O Alentejo como centro do mundo. Pelo menos, o centro do seu mundo. Em 2010, em entrevista ao Público, Nicolau Breyner falava da sua infância em Serpa, da “casa muito grande, com dois andares”, das criadas, sobretudo da criada Bia, “uma personagem espantosa”. Lembrava também “o cheiro do Alentejo, das estevas e do cheiro a verão”.
Foi criado numa família privilegiada. O avô era um “grande lavrador” e a família uma das mais abastadas do Alentejo. Mas nunca foi mimado, garantia nessa mesma entrevista. “A minha mãe e o meu pai educaram-me muito bem. Fiz uma vez uma birra à minha mãe, e subi as escadas a levar estalos até lá acima. Além disso, a minha vida em Lisboa, quando perdemos tudo, tornou-se difícil”.
A mudança para Lisboa, uma “cidade hostil”, moldou-o quase tanto como o Alentejo. A casa de dois andares foi trocada por um andar. A “moleza do Alentejo” pelos “carros e os elétricos” lisboetas que o “fascinavam”. A prosperidade no Alentejo pela perda.
“Viemos todos juntos para Lisboa. Depois as pessoas foram desaparecendo. O primeiro foi o meu avô, só viveu cinco anos em Lisboa (digo sempre que desistiu de viver quando veio para cá). De seguida a minha bisavó materna. Depois o meu pai, a minha avó e a minha mãe, que já morreu com 80 e muitos anos”, recordava na altura.

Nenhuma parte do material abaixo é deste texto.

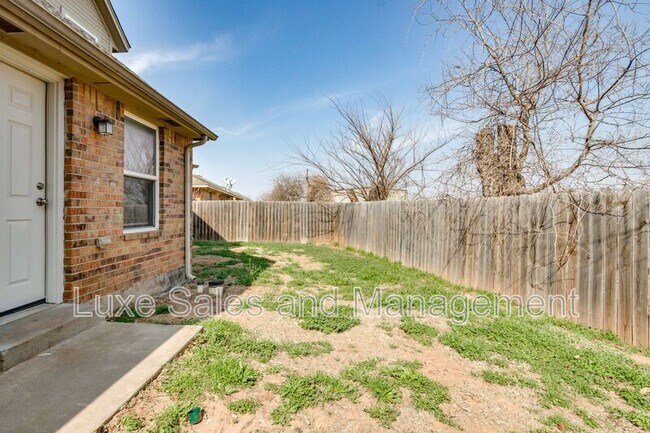 Building Photo - 1736 W Palm Pl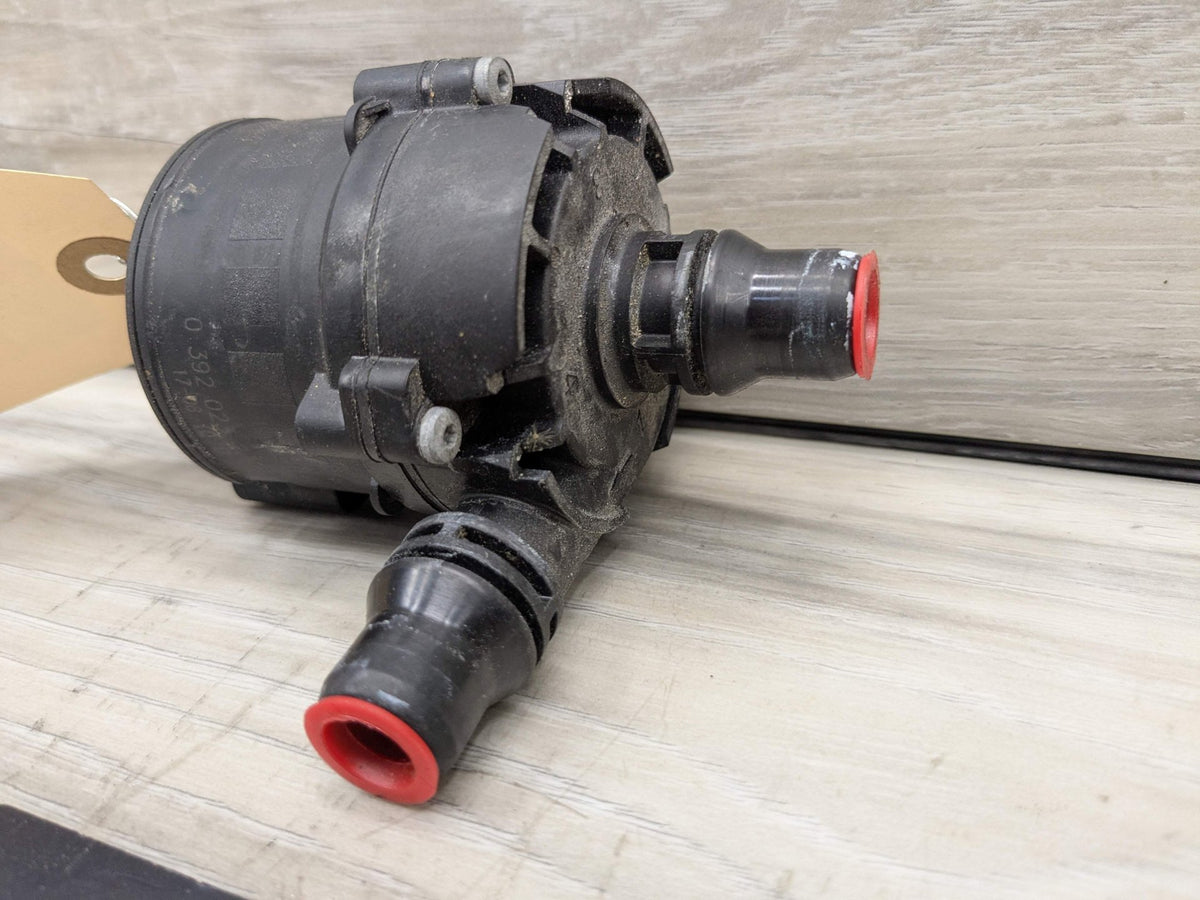 16-19 OEM BMW G11 G12 G30 M550 750 N63R Auxiliary Electric Coolant Water Pump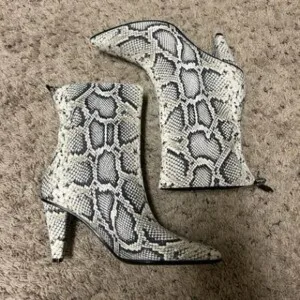 Longchamp Black and White Heeled Boots with Snakeskin Pattern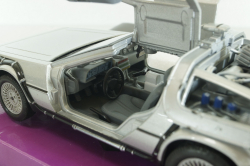 DeLorean DMC-12 from movie Back to the Future I 1983, WEL22443, Welly 1:24
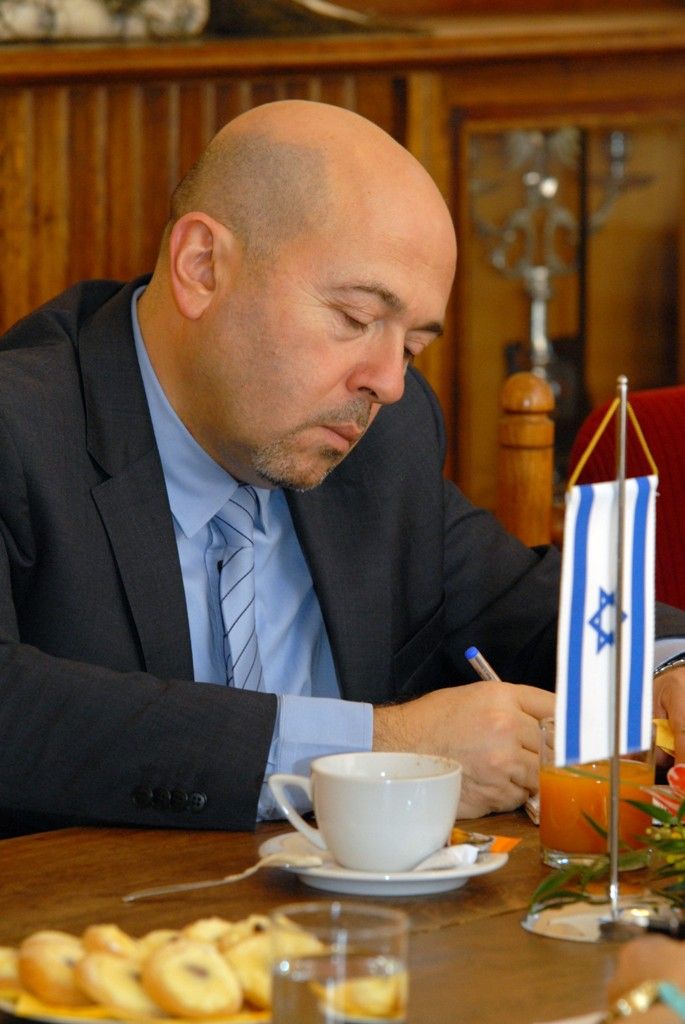 Mimořádný a zplnomocněný velvyslanec Izraele J. E. Gary Koren navštívil poprvé během svého čtyřměsíčního působení v České republice Plzeň. Kromě debaty se studenty Sportovního gymnázia, prohlídky Plzeňského Prazdroje a setkání na hejtmanství Plzeňského kraje zavítal na plzeňskou radnici, kde jej přijal primátor Martin Baxa. „Tradice dobrých vztahů mezi našimi zeměmi je dlouhodobá. Mojí prioritou je pracovat více s regiony a Plzeň je jedním z významných center České republiky,“ uvedl velvyslanec. Nabídl městu spolupráci jak v oblasti kulturní, tak ekonomické a nastínil rovněž možnost navázání partnerství mezi univerzitami. (foto: 10.12.2013)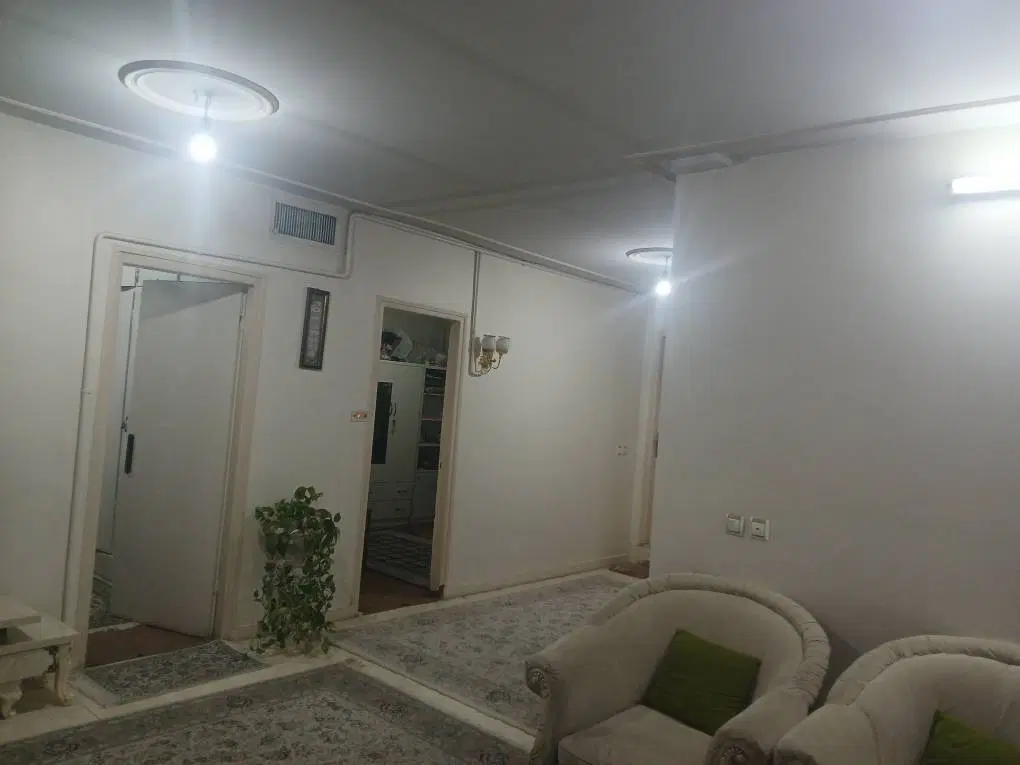 آپاتمان 80متری دوخواب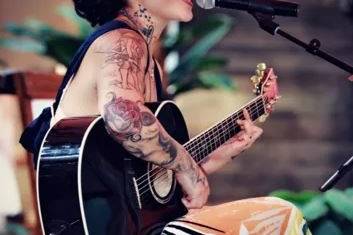 Yoza Performing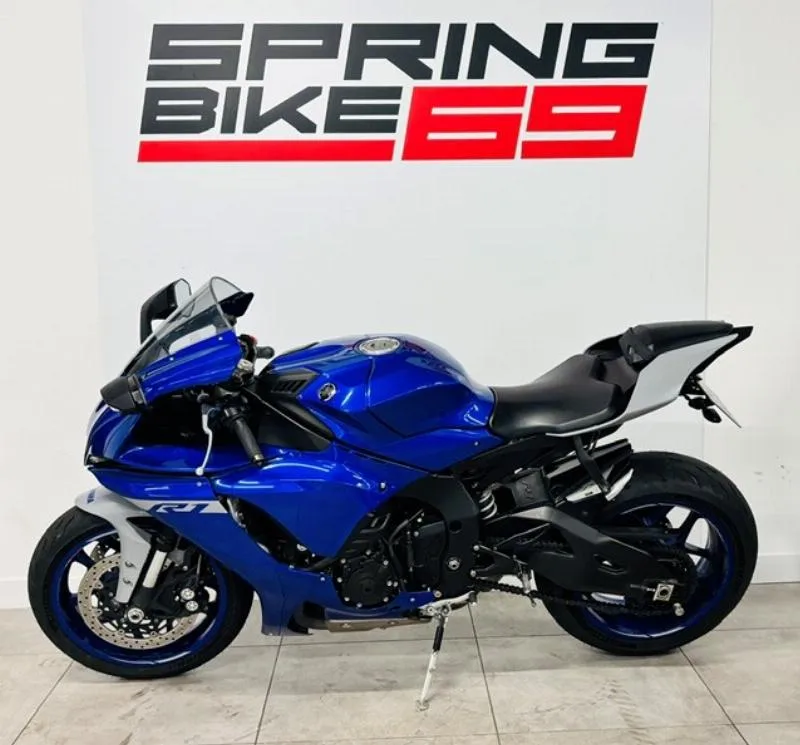 YZF 1000 R1
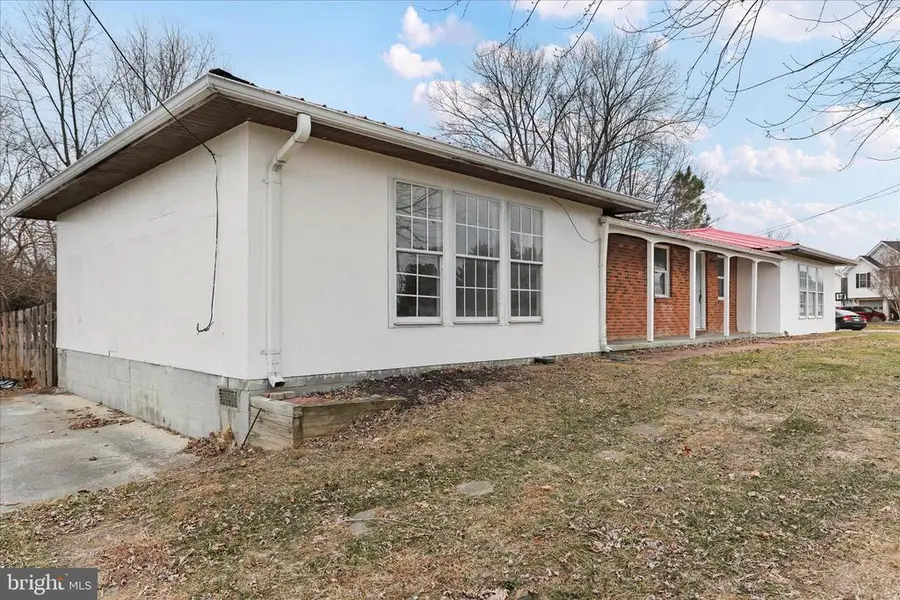 130 White Oak Rd, White Post, VA 22663 - Image #3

Nessa mesma entrevista, em que lembrava os verões do Alentejo, deixava um desejo. “Detesto o inverno. Muitas vezes digo da vida: ‘Quantos verões me faltam? Adorava morrer num daqueles dias chuvosos, feios, com vento, para não ter pena'”. Não foi bem assim: esta segunda-feira partiu com frio, sim, mas com o céu azul do Alentejo em Lisboa.